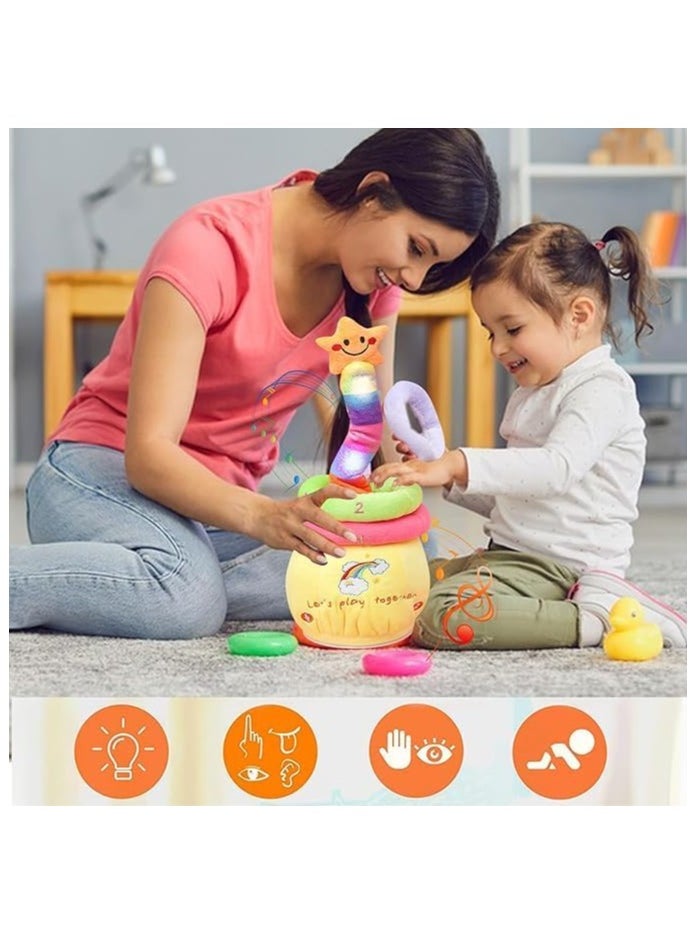 KASTWAVE - Dancing Stacking Rings Baby Toys, Singing Spinning Stacking Toys for Toddlers1-3, Montessori Sensory Toys Walking Repeats What You Say Similar to Dancing Cactus, Girl Boy Birthday Gifts - Image 1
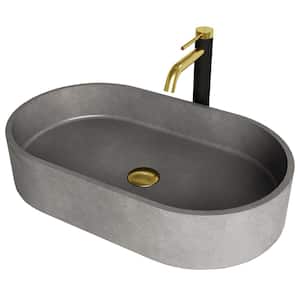 Concreto Stone 24 in. Concrete Oval Vessel Bathroom Sink in Gray with Lexington Faucet and Pop-Up Drain in Matte Gold
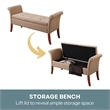 Convenience Concepts Designs4Comfort Garbo Bedroom Bench in Tan Fabric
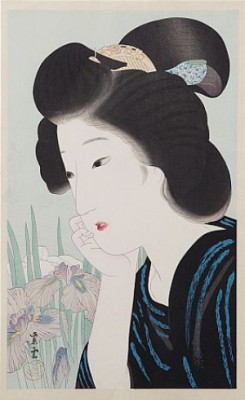 The Pensive Bijin by HAKUTEI ISHII - auction artwork with signature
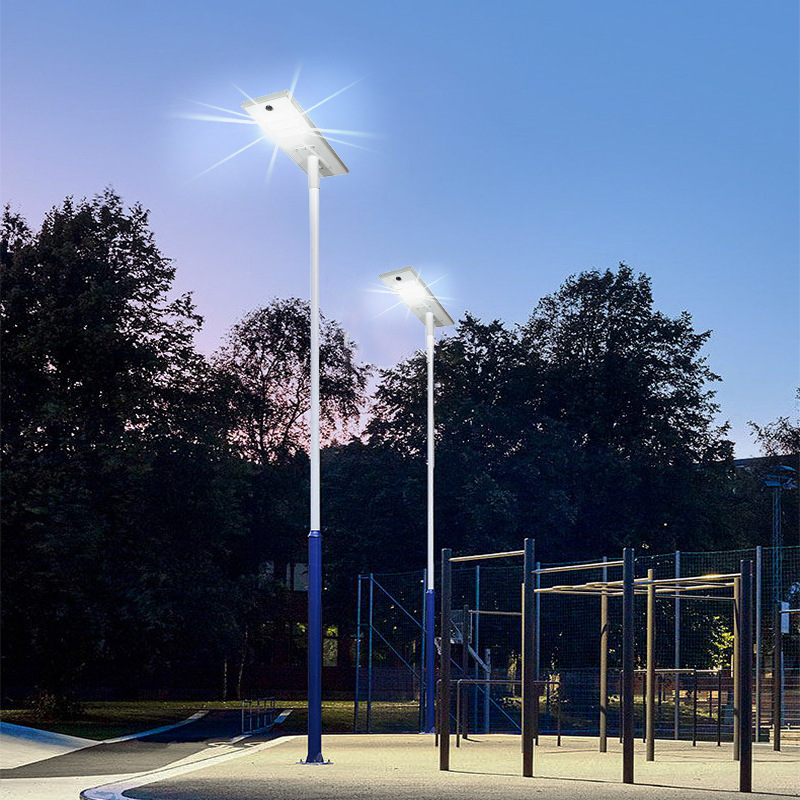 lámpara de calle solar integrada aluminio proyecto de carretera paisajismo parque comunitario lámpara de patio de alta potencia luz intensa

EXERCISE REQUIREMENTS
In the entries above, every line from the line with "Concreto Stone 24" to the line with "The Pensive Bijin" is to be printed exactly, with both ends included and pictures excluded.

RESPONSE BELOW
 Concreto Stone 24 in. Concrete Oval Vessel Bathroom Sink in Gray with Lexington Faucet and Pop-Up Drain in Matte Gold
 Convenience Concepts Designs4Comfort Garbo Bedroom Bench in Tan Fabric
 The Pensive Bijin by HAKUTEI ISHII - auction artwork with signature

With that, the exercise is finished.